ご存じ黒澤明の『用心棒』を西部劇に翻案したマカロニ・ウェスタンの代表作。
当時、映画俳優としては鳴かず飛ばずだったイーストウッドを一躍トップスターに押し上げ、監督レオーネ、音楽エンニオ・モリコーネ共に出世作となった。
出典:allcinema
『荒野の用心棒』を視聴できる動画配信サービス
『荒野の用心棒』は、下記のアイコンが有効になっているビデオ・オン・デマンドにて動画視聴することができます。
なお、各ビデオ・オン・デマンドには無料期間があります。
- 動画の配信情報は2019年4月28日時点のモノです。
- 動画配信ラインナップは変更される可能性もありますので、登録前に各サービスの公式ページにて必ずご確認ください。
ご覧のとおり、2019年4月28日現在はどこのビデオ・オン・デマンドでも配信開始となっておりません。
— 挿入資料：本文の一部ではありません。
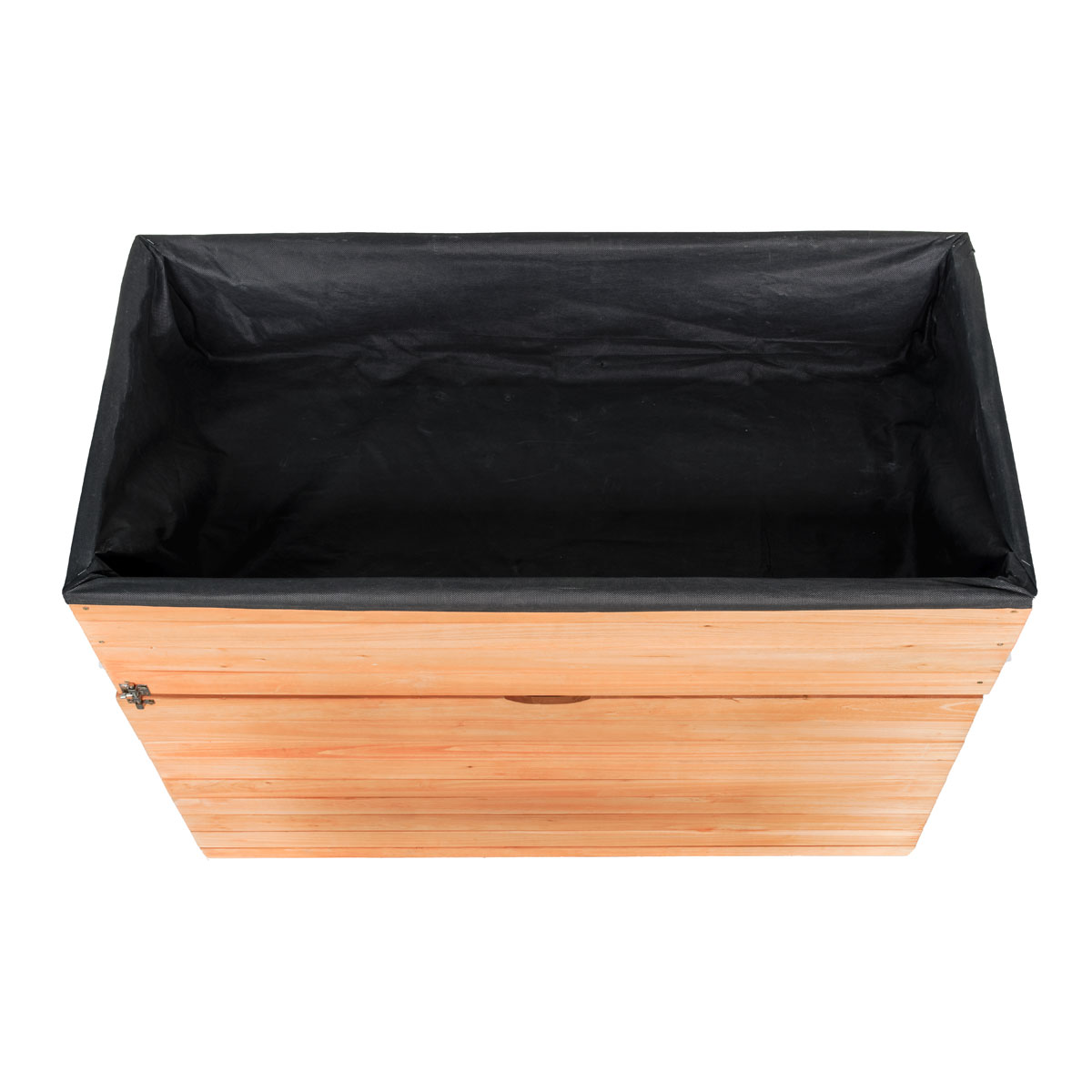 Wingart Hochbeet mit Aufbewahrungsmöglichkeiten Bild 7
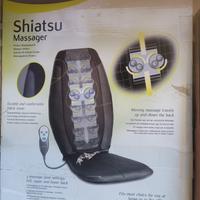 tappetino massaggio shatzu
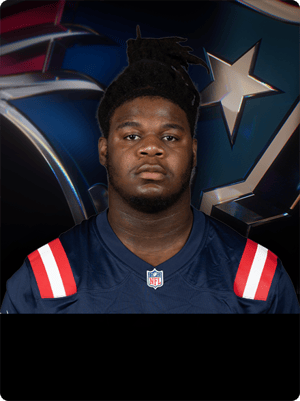 David Blay Jr. Rookies 72 OVR - Madden NFL 27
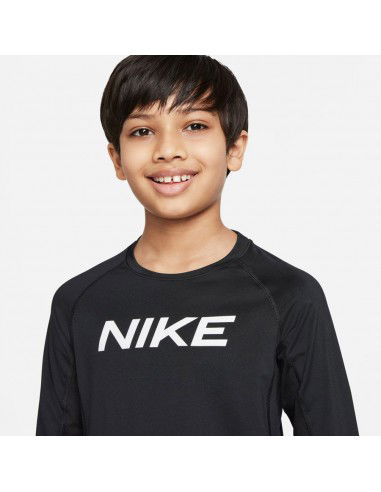 Nike Pro DriFit Tshirt DM8529 010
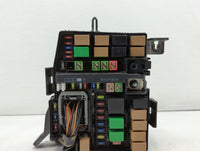2012-2013 Hyundai Azera Fusebox Fuse Box Panel Relay Module P/N:912063V040 Fits Fits 2012 2013 OEM Used Auto Parts - Oemused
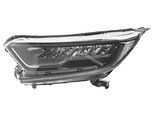 VAN WEZEL Hauptscheinwerfer 2593965 links für HONDA
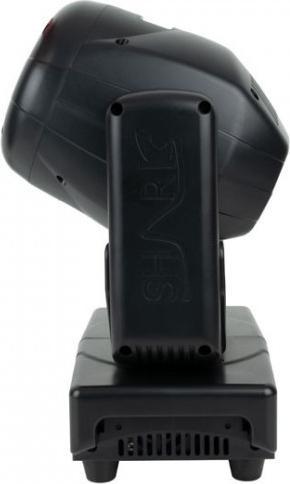 Actual product image Showtec Shark Spot Two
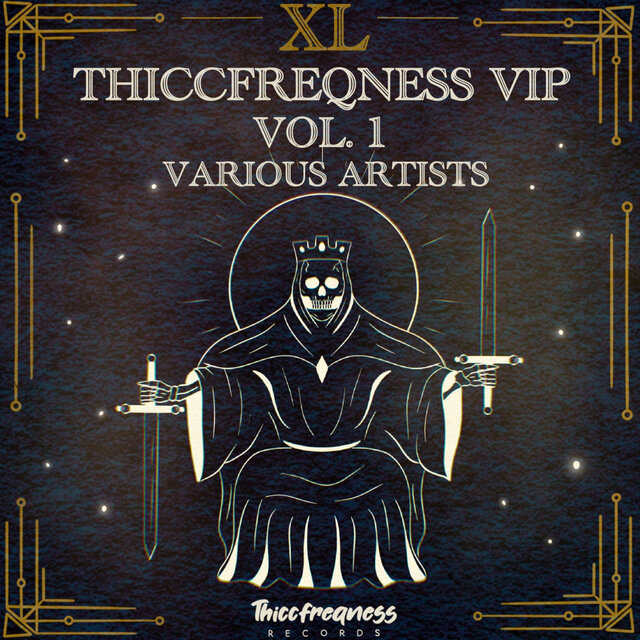 Thiccfreqness VIP Vol. 1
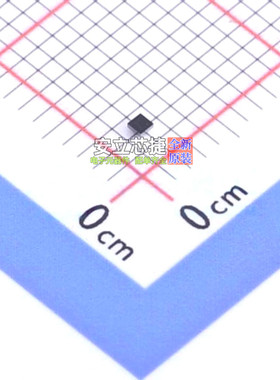 功率电子开关 TPS22910AYZVT DSBGA-4(0.9x0.9) TI/德州 全新原装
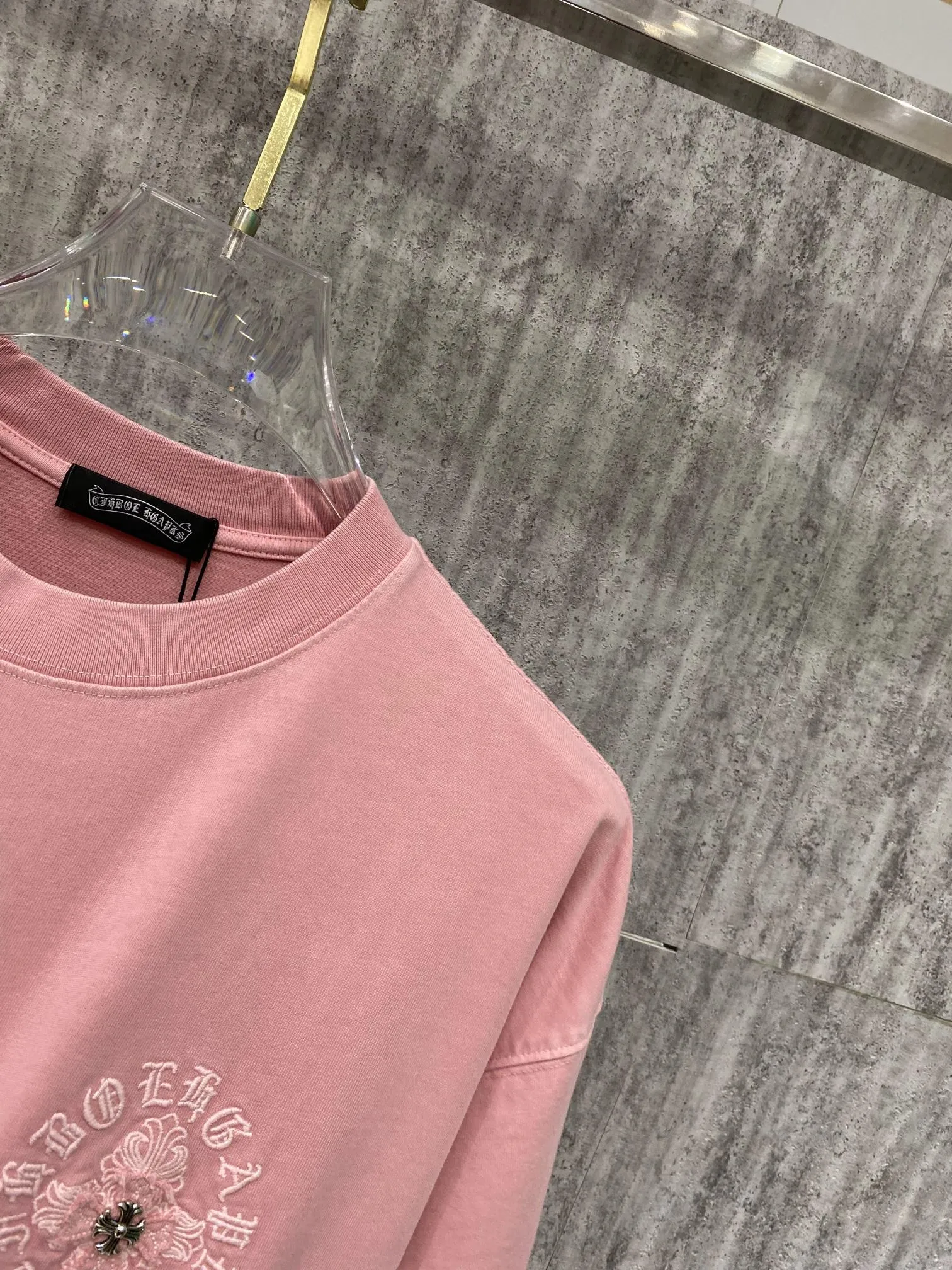 2026ss g 🪡 Size：S M L XL Color：Black Pink Green 115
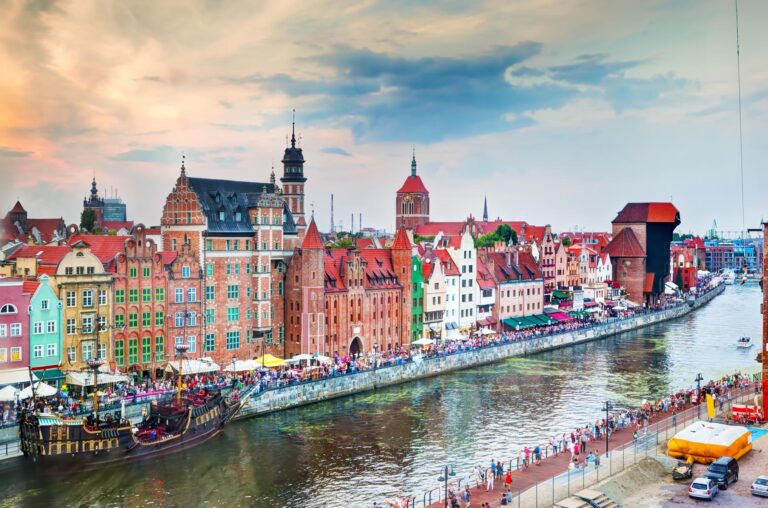 Poland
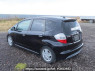 Used 2008 AT honda fit GE8 Image[4]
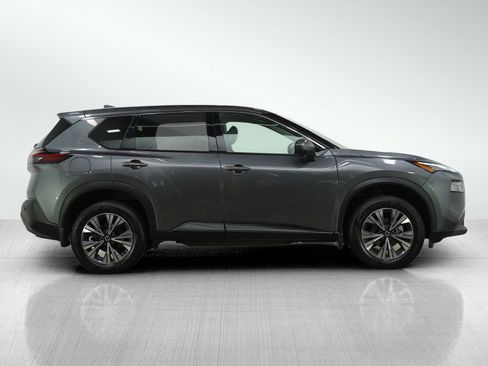 Used 2021 Nissan Rogue SV image 6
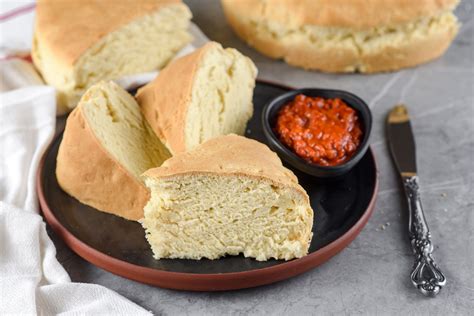 serbian-and-balkan-pogacha-bread-recipe-the-spruce image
動画配信が開始になり次第、追って情報を掲載させていただきます。
【ネタバレ】『荒野の用心棒』感想レビュー
クリント・イーストウッド演じる主人公の冷たさとかっこよさ
今作は黒澤明監督の名作『用心棒』に影響を受けて制作された映画です。
脚本はほぼ完コピです。
しかし、その演出はまったく異なり、別の雰囲気の映画に仕上がっています。
ジョーと桑畑三十郎の違い
まず映画の雰囲気が非常にドライなものになっています。
『用心棒』で三船敏郎さんが演じた桑畑三十郎は、カッコよさの中にどこかユーモアが感じられるキャラクターでした。
犬をイメージした人物として構成されております。
一方で今作の、クリント・イーストウッド演じる主人公ジョーは、とても冷たい印象を受けます。
ドライで硬派な役としてまとまっています。
この改変によって、より演出が際立つようになりました。わかりやすい点から書いていきます。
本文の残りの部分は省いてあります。